- [Work to be completed]
The result should be an exact copy of only the lines from the one holding "From (3,6,-1)" through the last line of the data below, please, without pictures.

Top of Information

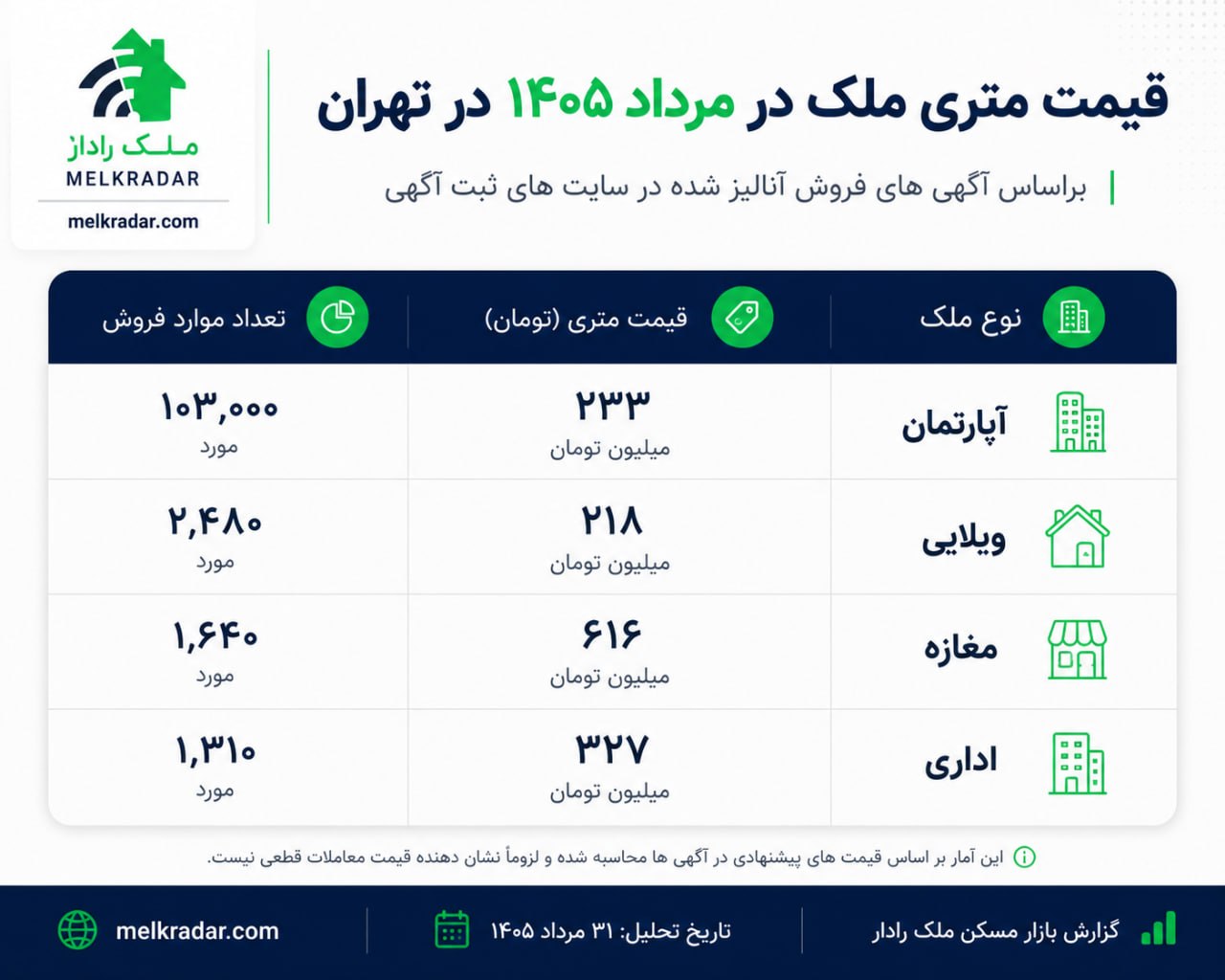 قیمت متری ملک در مرداد ۱۴۰۵ در تهران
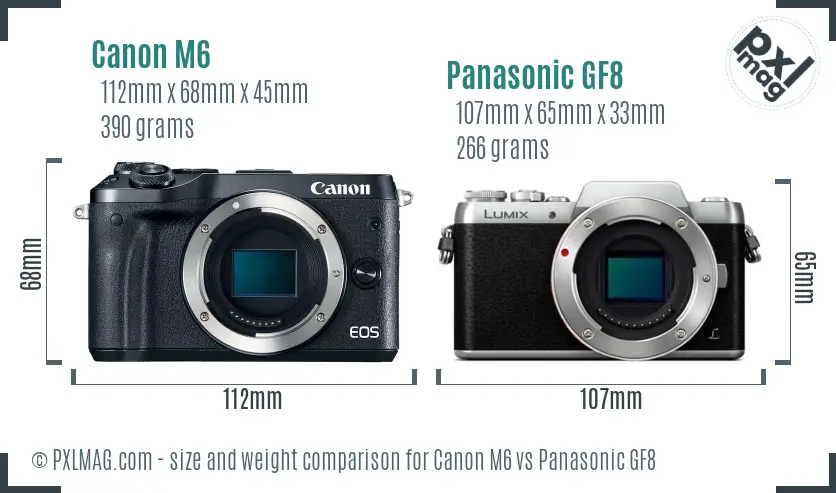 Canon M6 vs Panasonic GF8 size comparison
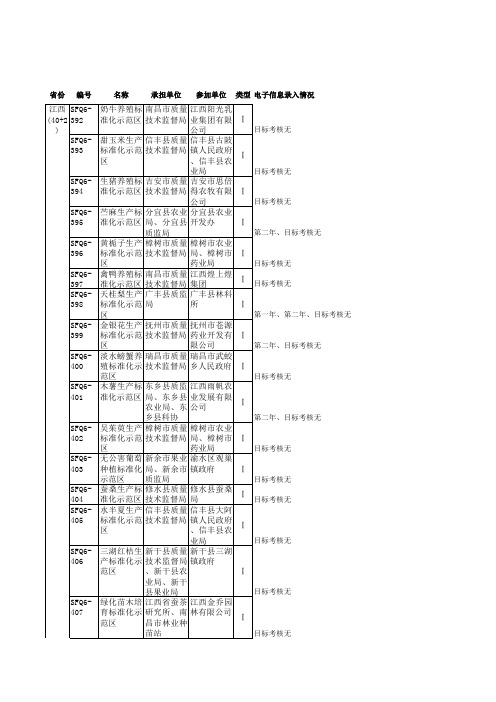 江西第六批农业标准化示范区信息汇总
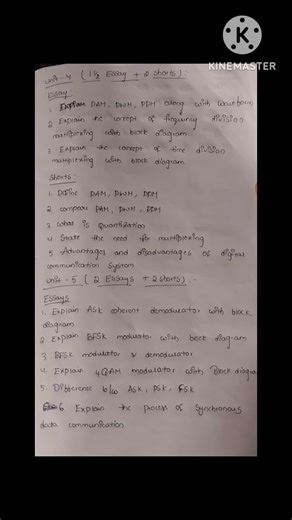 Analog and digital communication systems(ADCS) sem important questions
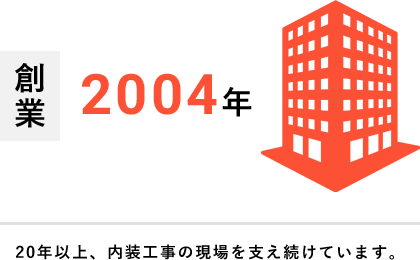 創業 2004年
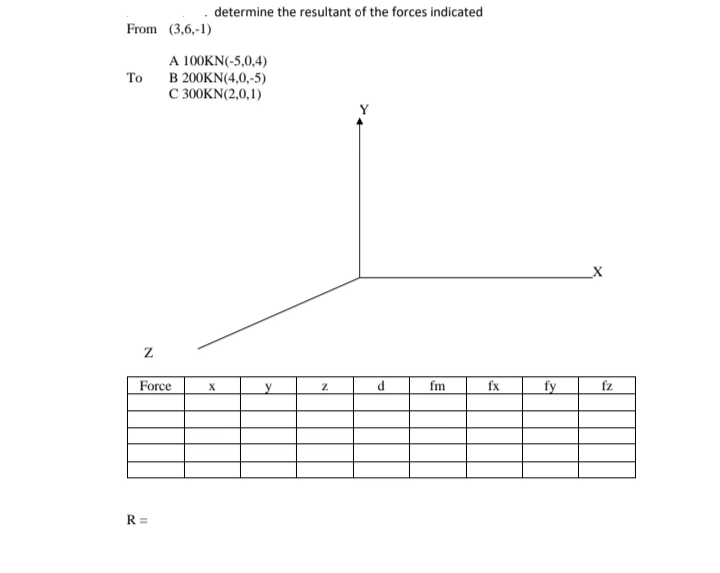 From (3,6,-1)
To
Z
Force
R=
determine the resultant of the forces indicated
A 100KN(-5,0,4)
B 200KN(4,0,-5)
C 300KN(2,0,1)
X
y
Z
d
fm
fx
fy
X
fz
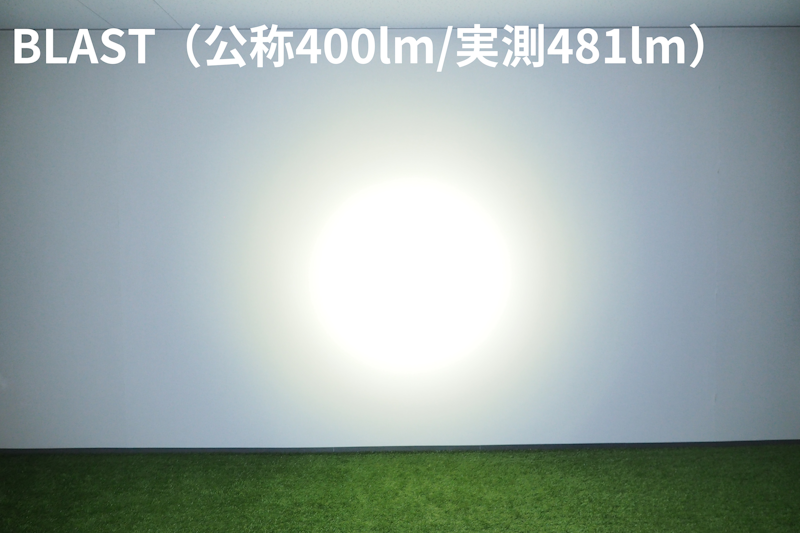 MINI DRIVE 400XL 2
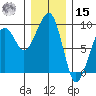 Bay City tide chart for Sunday, December 15, 2024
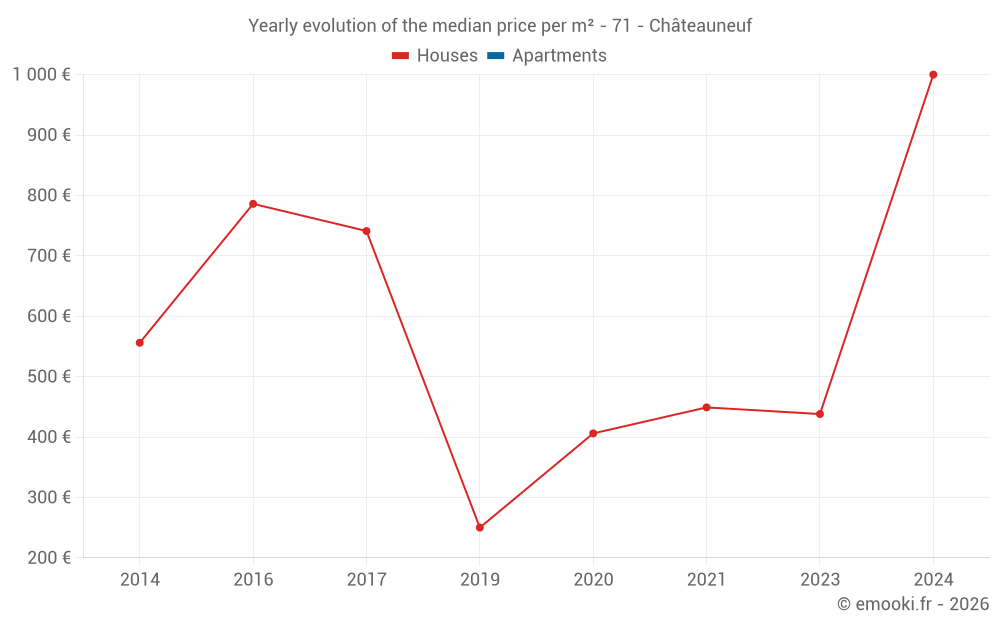 Yearly evolution of the median price per m² - 71 - Châteauneuf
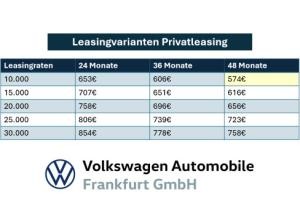 Volkswagen Tayron R-Line 2,0 l TDI SCR 4MOTION 7-Gang-Doppelkupplungsgetrie be DSG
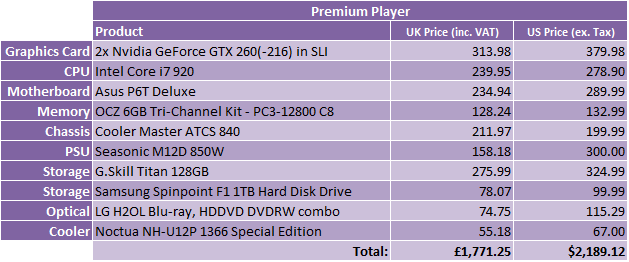 What Hardware Should I Buy? - April 2009 Premium Player - 1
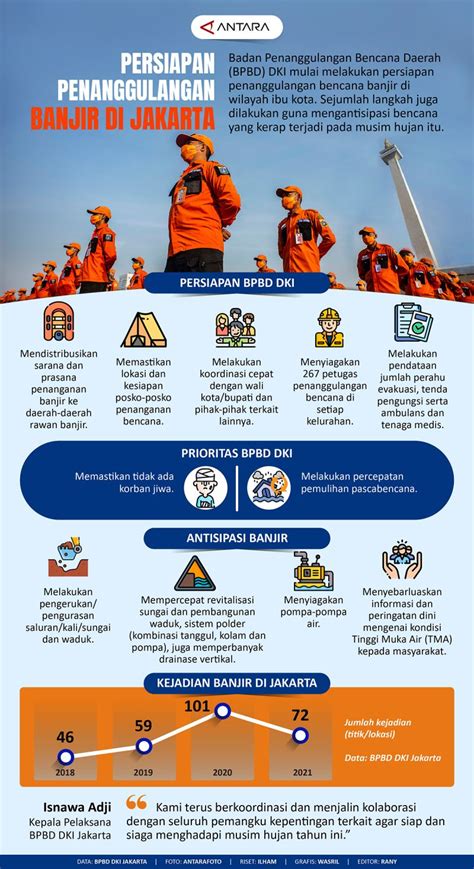 Persiapan Penanggulangan Banjir Di Jakarta Infografik Antara News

Bottom of Information

- [Answer to this task]
 From (3,6,-1)
To
Z
Force
R=
determine the resultant of the forces indicated
A 100KN(-5,0,4)
B 200KN(4,0,-5)
C 300KN(2,0,1)
X
y
Z
d
fm
fx
fy
X
fz
 MINI DRIVE 400XL 2
 Bay City tide chart for Sunday, December 15, 2024
 Yearly evolution of the median price per m² - 71 - Châteauneuf
 Volkswagen Tayron R-Line 2,0 l TDI SCR 4MOTION 7-Gang-Doppelkupplungsgetrie be DSG
 What Hardware Should I Buy? - April 2009 Premium Player - 1
 Persiapan Penanggulangan Banjir Di Jakarta Infografik Antara News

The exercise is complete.